Dalam putusannya, Majelis Komisioner KIP memutuskan bahwa SPJ (Surat Pertanggung Jawaban) dan dokumen pendukung berupa kwitansi pembayaran dan bukti keuangan lainnya adalah dokumen publik dan dapat diakses oleh publik dan ICW sebagai pemohon.
Menurut Febri, putusan itu penting karena menyangkut transparansi publik pengelolaan keuangan negara dan publik.
Selain itu, lanjutnya, putusan tersebut tidak saja berlaku bagi ratusan ribu sekolah di Indonesia akan tetapi juga bagi seluruh badan publik, baik milik negara, pemerintah atau swasta.
Ia mengemukakan, selama ini transparansi dimaknai sebagai penyerahan dokumen keuangan tersebut pada lembaga berwenang seperti BPK, BPKP, Inspektorat atau lainnya.
"Pejabat publik menyatakan telah transparan ketika telah menyerahkan dokumen keuangan pada lembaga pemeriksa tersebut," kata Febri.
Hal tersebut, ujar dia, membuat akses publik terhadap berbagai dokumen penting tersebut dinilai seakan-akan bukan bagian dari transparansi.

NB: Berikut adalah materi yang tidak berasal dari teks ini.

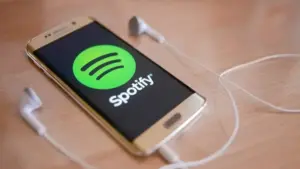 Leia mais sobre o artigo Spotify e Universal Music firmam acordo inédito para fãs criarem remixes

Putusan Majelis Komisioner mempertimbangkan antara lain permintaan salinan dokumen oleh ICW sebagai pemohon telah sesuai dengan UU No 14 Tahun 2008 tentang KIP (Keterbukaan Informasi Publik) dan Peraturan Komisi Informasi Pusat No 1 Tahun 2010 tentang Standar Layanan Informasi Publik pada Badan Publik.
Selain itu, pemberian SPJ pada termohon tidak melanggar juknis BOS dan BOP karena tidak digunakan untuk audit sekolah bersangkutan dan belum ada undang-undang yang mengatur bahwa dokumen SPJ adalah dokumen rahasia.
Dokumen SPJ dinyatakan tidak termasuk informasi yang dikecualikan sebagaimana diatur pada pasal 17 UU No 14 Tahun 2008 tentang KIP.
Pembukaan dokumen SPJ pada publik juga diyakini tidak akan berdampak pada proses hukum, kepentingan perlindungan hak atas kekayaan intelektual dan perlindungan dari persaingan usaha tidak sehat, pertahanan dan keamanan negara, kekayaan alam Indonesia, ketahanan ekonomi nasional, kepentingan hubungan luar negeri, dan akta otentik yang bersifat pribadi dan kemauan terakhir ataupun wasiat seseorang.
"Putusan ini telah mendorong bangsa Indonesia satu langkah maju kedepan menjadi bangsa yang transparan dan akuntabel dalam mengelola sumber daya publik," kata Febri.